Le mot ne figure sur aucun document et pourtant il est présent dans tous les esprits. « À Action contre la Faim, nous n’utilisons jamais le terme famine. Mais il y a cette année des conditions objectives annonciatrices d’une catastrophe si rien n’est fait. Le spectre de la famine réapparaît au Sahel », lâche Olivier Longué, directeur général d’ACF en Espagne. « Dans deux semaines, nous connaîtrons la plus grave crise du Sahel de ces vingt dernières années », assure le Nigérien Boureima Dodo, responsable d’un réseau qui regroupe des associations d’éleveurs et de pasteurs d’Afrique, lors d’un passage à Paris.

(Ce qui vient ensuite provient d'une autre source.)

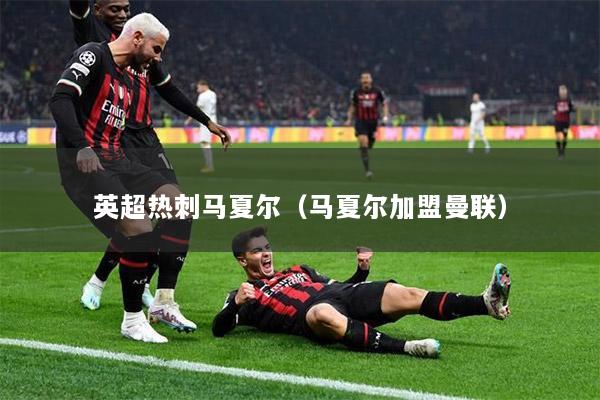 英超热刺马夏尔（马夏尔加盟曼联）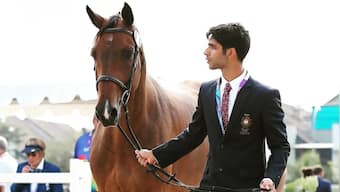 The emotional disconnect: Equestrian show jumpers reveal lockdown impaired rider-horse camaraderie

Une grave crise alimentaire

Selon Oxfam France, près de dix millions de personnes sont menacées par une grave crise alimentaire dans les prochains mois dans l’est du Sahel. La moitié des habitants du Niger, soit 7,5 millions d’habitants, est en danger. Mais le Tchad occidental et central, le nord-est du Mali, le nord du Nigéria et certaines régions du Burkina Faso et de la Mauritanie sont également touchés à des degrés divers. La mauvaise répartition des pluies l’année dernière dans une région affectée par des sous-alimentations chroniques a perturbé la production céréalière. Les récoltes ont chuté de 34 % au Tchad en 2009 par rapport à 2008. Selon le Comité permanent Inter-États de lutte contre la sécheresse dans le Sahel (CILSS), deux millions de Tchadiens ont besoin d’une assistance d’urgence.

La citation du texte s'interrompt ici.